Yakoub Islam, seorang anarkis muslim, pada 25 Juni 2005 mempublikasikan Muslim Anarchist Charter (Piagam Muslim Anarkis), yang berbunyi :
  • Tiada tuhan selain Allah dan nabi Muhammad adalah utusannya;
  • Tujuan dari hidup ialah untuk membangun sebuah hubungan kasih yang damai dengan Yang Maha Esa melalui pemahaman untuk bertindak sesuai ajaran, wahyu, serta tanda-tandanya di dalam Penciptaannya juga hati manusia;
  • Demi tujuan seperti itu kita harus memiliki komitmen yang kuat untuk mempelajarinya dengan kehendak hati yang bebas, dan secara sadar menolak setiap bentuk kompromi dengan institusi kekuasaan, entah dalam bentukbnya yang yuridis, relijius, sosial, korporatik maupun politis;
  • Demi tujuan seperti itu kita harus aktif di dalam kegiatan merealisasikan keadilan yang bertujuan untuk membangun sebuah komunitas-komunitas dan masyarakat dimana pembangunan jiwa yang spiritual tidak terbatasi lagi oleh kemiskinan, tirani, dan ketidakpedulian.
Muslim Anarchist Charter menolak:
  • Kekuatan fasis yang bertujuan untuk memapankan kebenaran tunggal yang absolut, termasuk patriarki, kerajaan, dan kapitalisme.

Kritik atas anarkisme

Baik secara teori ataupun praktik, anarkisme telah menimbulkan perdebatan dan kritik-kritik atasnya. Beberapa kritik dilontarkan oleh lawan utama dari anarkisme seperti pemerintah. Beberapa kritik lainnya bahkan juga dilontarkan oleh para anarkis sendiri serta ada juga yang muncul dari kalangan kaum kiri otoritarian seperti yang dilontarkan oleh kalangan marxisme. Kritik biasanya dilontarkan sekitar permasalahan idealisme anarkisme yang mustahil dapat diterapkan di dunia nyata, seperti apa yang banyak dipecaya oleh para anarkis mengenai ajaran bahwa manusia pada dasarnya baik dan bisa menggalang solidaritas kemanusiaan untuk kesejahteraan manusia tanpa penindasan oleh sebagiannya yang hal tersebut banyak dibantah oleh para ekonom. Dan juga mengenai ajaran bahwa setiap manusia lahir bebas setara yang juga dibantah oleh para pakar sosiolog. 
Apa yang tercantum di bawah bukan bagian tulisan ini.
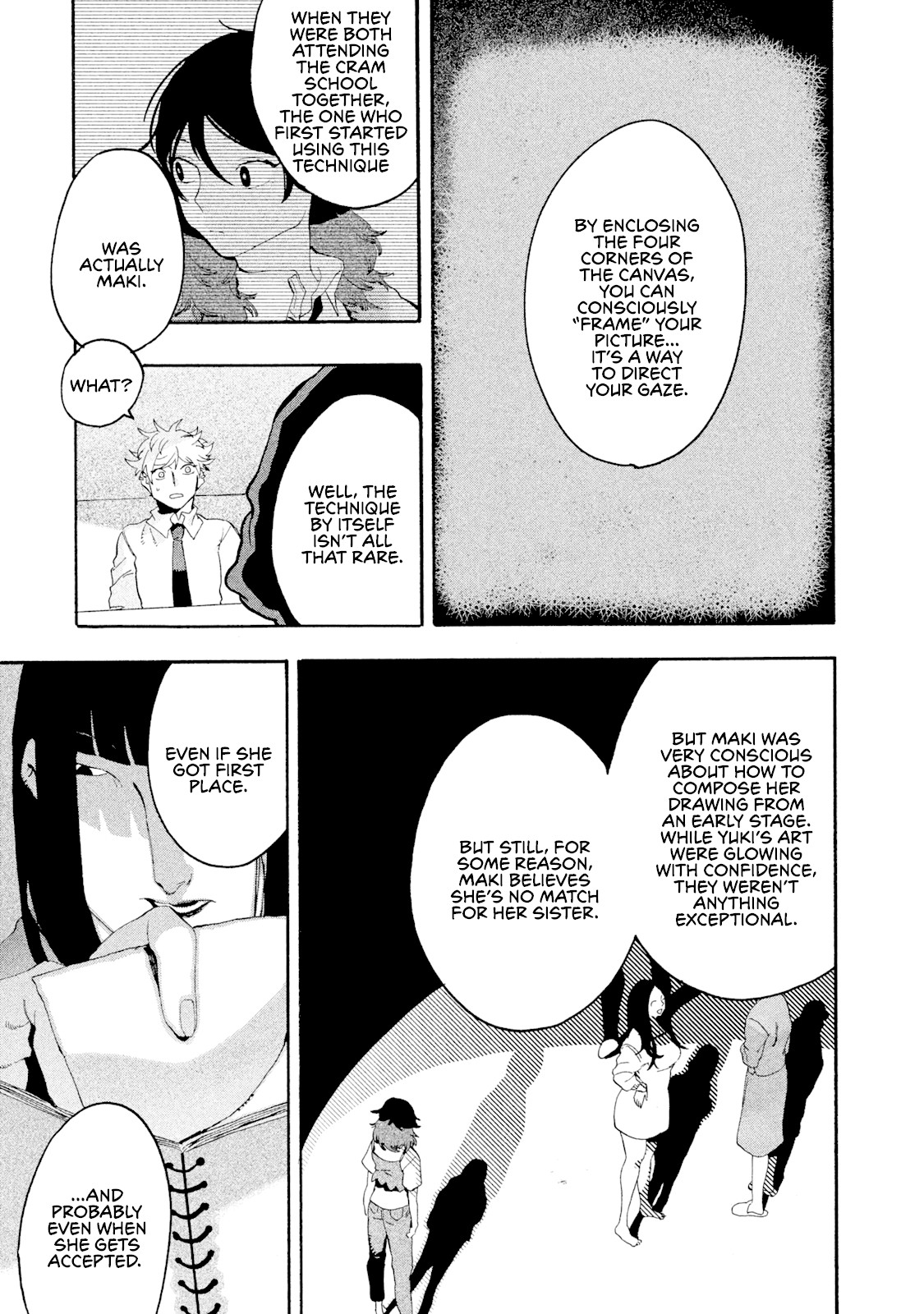 Blue Period. Chapter 13 page 46 - Chapter 13: Ridiculous Stress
Kritik juga dilontarkan atas penolakan anarkisme terhadap organisasi sentralis seperti pemerintahan kaum buruh, partai revolusioner, dan lain sebagainya, yang dianggap oleh banyak pihak justru akan melemahkan posisi kaum anarkis apabila revolusi terjadi. Hal ini juga yang dituduhkan kepada para anarkis saat revolusi Spanyol terjadi, pasca pengambilan kekuasaan oleh kaum proletariat atas rezim fasis yang pada saat itu berkuasa di Spanyol.